Dicho esto, volvamos a la cama, donde dormís ambos. A eso de la media hora o una hora de estar en el sobre, notas una mano, algo fría y de una humedad salina, que te toca donde te gusta que te toquen. Ella te habla, y te llegan sus palabras, su despecho, su aliento aun etílico  y sus besos faltos de amor, y piensas: "ahora, ¿qué coño hago yo?". Porque lo primero que habla es el cuerpo, que entiende mucho, y te dice: "déjate llevar". Aunque más que decírtelo el cuerpo es un personaje de acción, así que actúa, y sientes al árbol que tienes a media altura crecer. Pero el cerebro, que es como uno de esos inspectores de hacienda que llegan tarde a los casos de corrupción, te dice "Achtung" (porque desde Kant la razón paso a ser germana). Veamos como sucede a pie de cama:

—No, Elena —le dices.

Elena no te habla, su cuerpo caliente sí, no para de hablarte, es un monologuista incansable que no deja dialogar. Así que la apartas con cuidado, suave pero con intención, como el empujón de un niño.

—Pero, ¿por qué no? —te pregunta.

Ahora es el turno de Immanuel, y sueltas esa serie de razonamientos que ni tú te los crees.

—Porque si lo hiciésemos. Imagina que lo hiciésemos —así que te lo imaginas, porque esto ya es más para ti que para ella—. Lo haríamos sólo por una razón: porque nos apetece. Y hay muchas razones por las que no hacerlo: ¿no te parece que tenemos una buena amistad? A mí, y seguro que tú también piensas así, no me apetecería joderla por el sexo, además de que estás pilladísima por ese chico y que estás borracha. Y yo también estoy borracho... Es mejor que no lo hagamos.

Y te quedas en silencio, y ves como has puesto a la pequeña germana, que tiene Elena dentro de la cabeza, a trabajar. Tú, desnutrido por el esfuerzo, esperas que insista y te puedas alimentar de ese pequeño gran deseo que te consume. Os miráis un buen rato, y habla ella:

—Pero... —y hace un último intento, desganado, sin alma. Que sabes que si lo aprovechases, ahora serías tú el rechazado. Así que esperas.

Ella se da media vuelta. Y te quedas solo en la cama acompañado, pensando que en otro tiempo por algo así serías un héroe de novela (romántica al menos); un caballero de capa, frac y chistera. Pero que ahora no eres más que el conejo que sale del sombrero. Y que mañana vendrá la mofa, que puedes haber perdido a una amiga por no haber sabido consolarla y...

—Al menos, déjame que te abrace —te susurra.

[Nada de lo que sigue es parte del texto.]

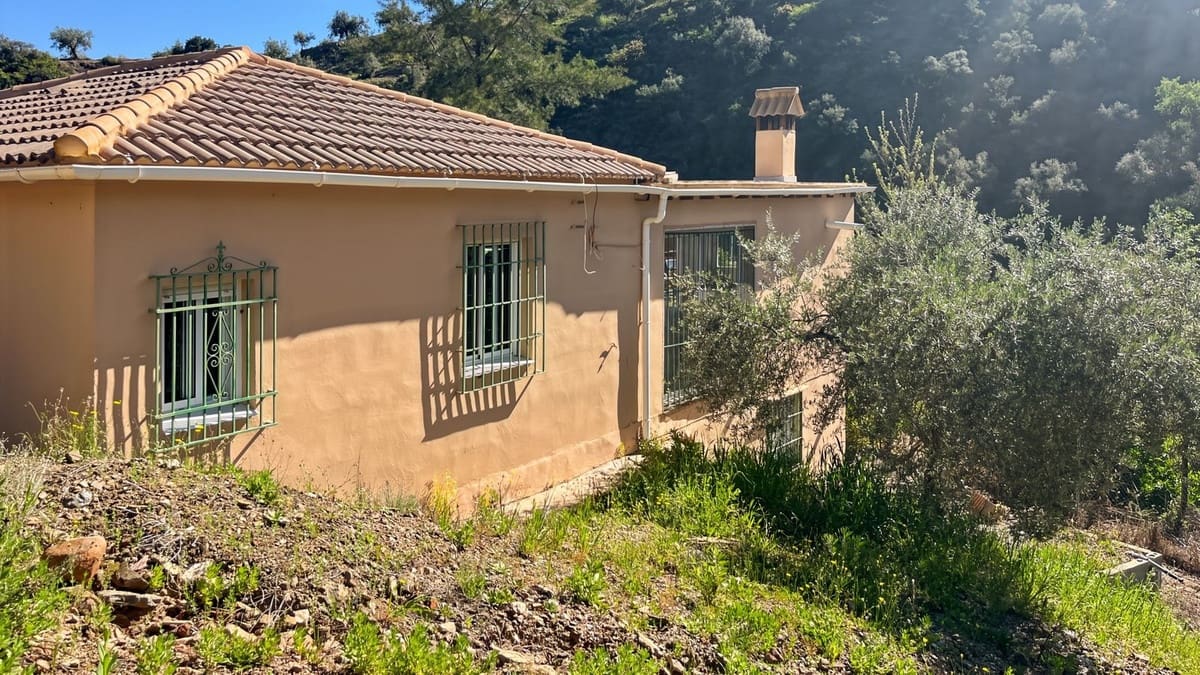 4 soveværelse Finca/Landehus til salg i Comares med swimmingpool garage - € 295.000 (Ref: 9824083)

Y con esa suplica y el abrazo fraternal, cálido y de la ternura navideña que lo acompaña, cierras los ojos. Y al rato te duermes.


Farinelli Il Castrato
(*): Término campechano, originario de la región de la huerta de Murcia con influencias italianas. Viene a significar: “mariquita, gilipollas”. Entendiéndose ambos términos en el sentido hispánico de: “dejar pasar una oportunidad”. Totalmente inventado, por cierto.